What did I want to be? I wanted to be rich and successful of course! -- wasn't that every teen's dream. We wanted things, nice things but I didn't know how to get there but somehow I saw that in my future. I didn't have a platform or foundation to pave the way. When you grow up from a first generation immigrant household, you were always told to stay in school and study hard -- well that's what my parent enforced upon me instead of telling me to follow my dreams and do what I love. Following my dreams was chasing a fantasy to my parents. My parents barely made it primary school but somehow they knew that doctors, lawyers and businessmen was where success was found; these were professions they experienced personally and what they identified to success.

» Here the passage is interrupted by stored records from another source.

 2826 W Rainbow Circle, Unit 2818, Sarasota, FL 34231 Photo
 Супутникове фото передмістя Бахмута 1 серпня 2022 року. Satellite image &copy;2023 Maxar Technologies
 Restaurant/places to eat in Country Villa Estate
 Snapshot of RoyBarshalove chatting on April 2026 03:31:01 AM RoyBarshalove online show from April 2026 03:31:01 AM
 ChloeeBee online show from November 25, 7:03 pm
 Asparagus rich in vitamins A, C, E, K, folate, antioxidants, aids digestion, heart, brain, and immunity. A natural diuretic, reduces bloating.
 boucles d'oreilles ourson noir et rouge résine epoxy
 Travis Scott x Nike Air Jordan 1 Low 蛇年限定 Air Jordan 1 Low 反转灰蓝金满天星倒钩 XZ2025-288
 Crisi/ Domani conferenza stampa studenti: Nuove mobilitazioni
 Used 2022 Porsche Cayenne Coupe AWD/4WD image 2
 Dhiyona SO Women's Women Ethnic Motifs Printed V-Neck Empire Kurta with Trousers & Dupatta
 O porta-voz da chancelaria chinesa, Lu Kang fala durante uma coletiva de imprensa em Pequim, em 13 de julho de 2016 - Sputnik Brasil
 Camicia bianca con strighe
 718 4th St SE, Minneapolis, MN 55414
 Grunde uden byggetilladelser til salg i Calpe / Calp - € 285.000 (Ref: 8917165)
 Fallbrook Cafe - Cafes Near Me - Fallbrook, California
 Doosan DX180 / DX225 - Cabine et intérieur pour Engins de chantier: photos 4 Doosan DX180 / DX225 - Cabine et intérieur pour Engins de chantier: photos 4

I wanted to be an artist, I am really good at drawing and tracing graphics, my penmanship is incredible-- fonts are cooool. I wanted to make music because I love beats and even more when the lyrics flow so well together to make a cohesive song, AMAZING! At the time, my first big investment was a boombox (do they still exist?) and I was so excited when I was able to afford CDs instead of cassettes. Making a mixed CD was the cooolest -- a whole CD with only slow jams ---yasss! I wanted be a tattoo artist. I found myself doodling on my arms and ankles, it was those black gel pens that made the ink so vibrant and real. I was pretty crafty too -- I always find myself making things or turning nothing into a something, remember how expensive Barbie clothes were? The list goes on and on.
The strange thing was that when I was asked what I wanted to be, I recall saying I wanted to work in real estate and only knowing that you sold homes to make money. I had no background about Real Estate but I like the idea of homes and making sales...hah! As you can see, my parent's belief instilled the idea of success being something that was known in the world.
I guess I was a DREAMER when I was 15.